→ **DESCRIPTION OF THE TASK**
Print the line containing "Cric Multifunctional Rope Clamp" and each line after it through the end of the material below, exactly as it appears, but skip the pictures.

→ **DATA FOR THE TASK**
====

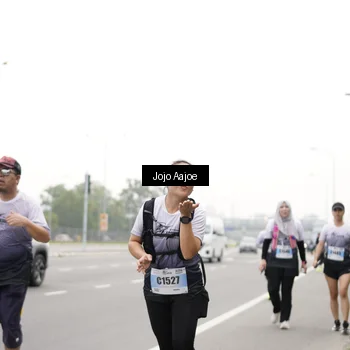 Runner Photo 7268572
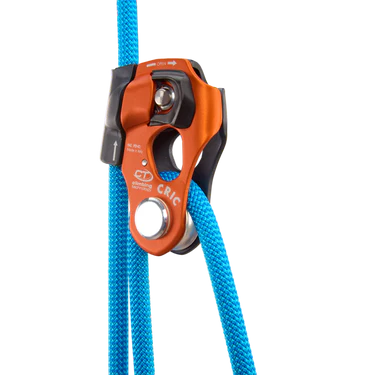 Cric Multifunctional Rope Clamp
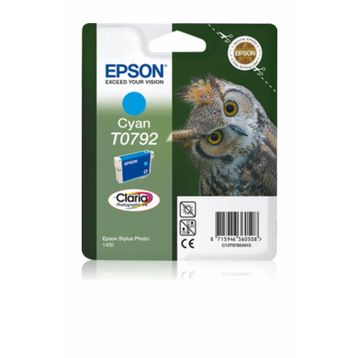 Epson T079240 Mürekkep Kartuşu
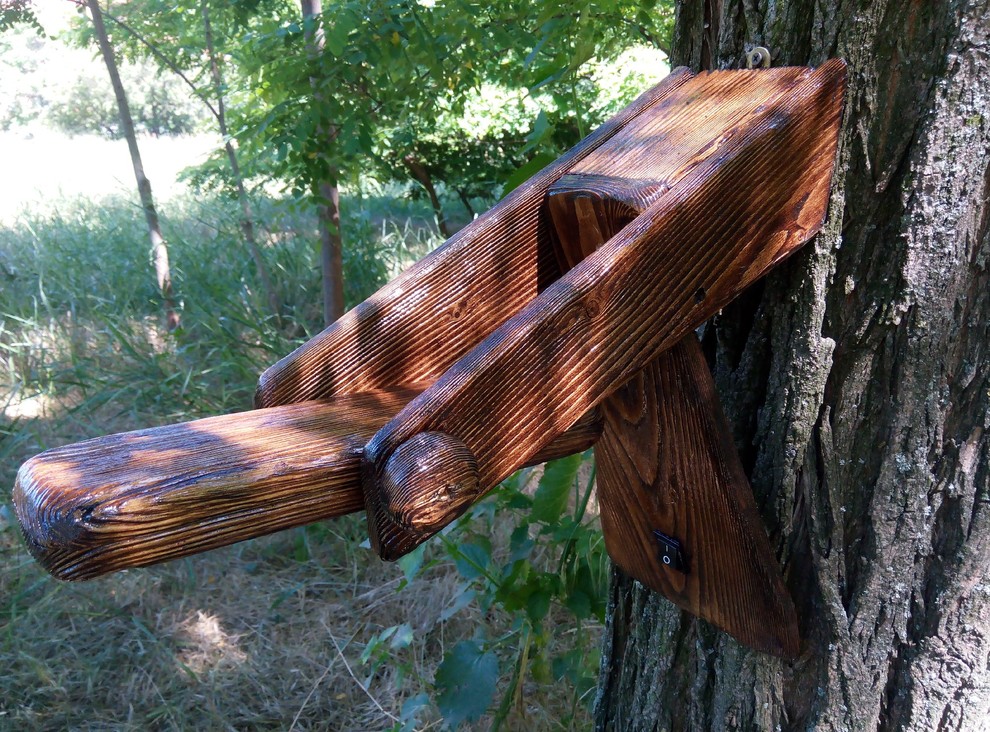 Светильники для садового участка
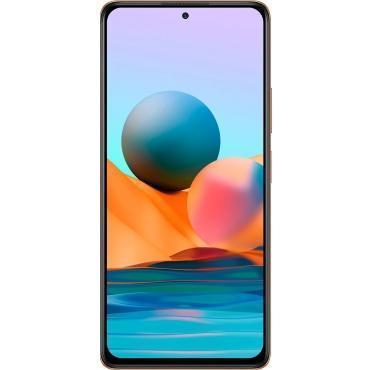 Смартфон Xiaomi Redmi Note 10 Pro 8+128Gb Onyx Gray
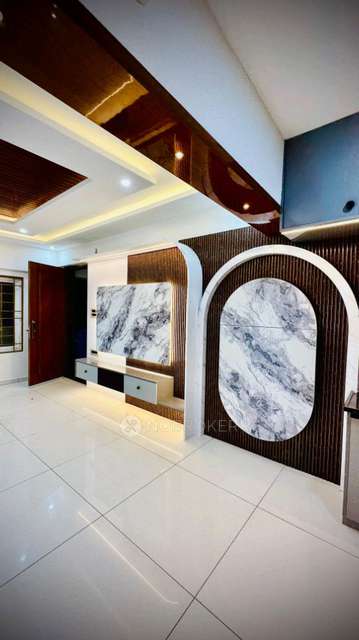 3 BHK Flat For Sale  In Msr Meridian Park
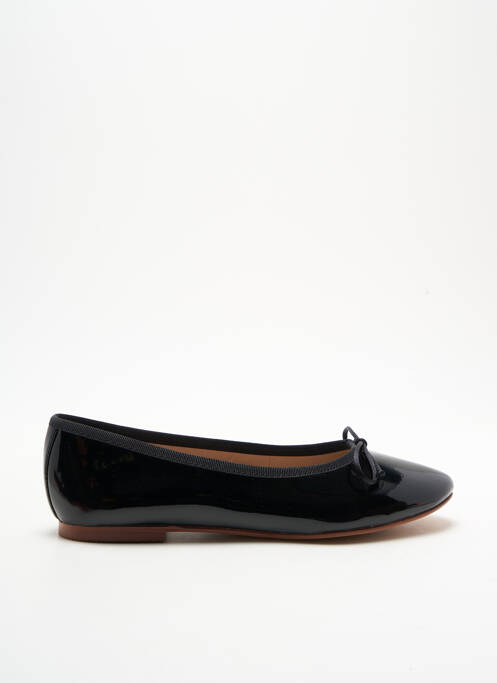 Ballerines noir GIULIA pour femme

====

→ **EXERCISE OUTPUT**
 Cric Multifunctional Rope Clamp
 Epson T079240 Mürekkep Kartuşu
 Светильники для садового участка
 Смартфон Xiaomi Redmi Note 10 Pro 8+128Gb Onyx Gray
 3 BHK Flat For Sale  In Msr Meridian Park
 Ballerines noir GIULIA pour femme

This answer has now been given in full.